Let X and Y be ordered sets in the order topology.
I want to show that a function f:X→Y is injective. We are given that f is surjective and preserves order.

Homework Equations

Definition of an order preserving map:

If x≤y implies f(x)≤f(y)

The Attempt at a Solution

So if we assume that it is not injective then we are assuming that f(x)=f(y) and x\neqy.

Then either x>y or y<x. Assuming both, would clearly be a contradiction since it can only be one or the other in an ordered set.

Now I need to show that x>y raises a contradiction and similarly x<y also raises a contradiction.

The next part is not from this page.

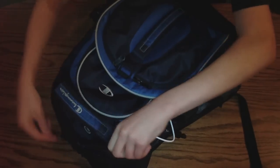Usually my laptop will be in here, but I'm going to unzip this right here. I don't have my laptop in it at the moment, but that's where it goes. There's a little pouch that the laptop goes in — I also put my charger in there.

My main question here is if x<y is it a contradiction if f(x)=f(y)?
It seems like if order is preserved then if x<y then f(x)<f(y)
but by the definition, it appears that if x<y then f(x)<f(y) or f(x)=f(y).

Thank you for your time.

 

[HallsofIvy]

Homework Statement

Let X and Y be ordered sets in the order topology.
I want to show that a function f:X→Y is injective. We are given that f is surjective and preserves order.

Homework Equations

Definition of an order preserving map:

If x≤y implies f(x)≤f(y)

The Attempt at a Solution

So if we assume that it is not injective then we are assuming that f(x)=f(y) and x\neqy.

Then either x>y or y<x.
Assuming both, would clearly be a contradiction since it can only be one or the other in an ordered set.

Now I need to show that x>y raises a contradiction and similarly x<y also raises a contradiction.

Yes, you do. Use the fact that f is an order preserving map. If x< y, what can you say about f(x) and f(y)?

My main question here is if x<y is it a contradiction if f(x)=f(y)?
It seems like if order is preserved then if x<y then f(x)<f(y)
but by the definition, it appears that if x<y then f(x)<f(y) or f(x)=f(y).

What, exactly, is that definition? "if x< y the f(x)\le f(y)?

Thank you for your time.

 

[EV33]

Thank you, HallsofIvy. Actually, what you just said is exactly what my question is. My question was probably a little convoluted so let me restate it.

I was trying to ask, if we have a function that preserves order
and x<y

1) do we conclude that f(x)<f(y)

2)or do we conclude that f(x)≤f(y)

The definition makes me think it is the second option but if I didn't have the definition I would have thought it was the first.

 

[EV33]

Just to make it more clear what I am asking. If order is preserved does it mean

if x<y implies f(x)<f(y)
if x>y implies f(x)>f(y)
if x=y imples f(x)=f(y)
if x≤y imples f(x)≤f(y)
if x≥y imples f(x)≥f(y)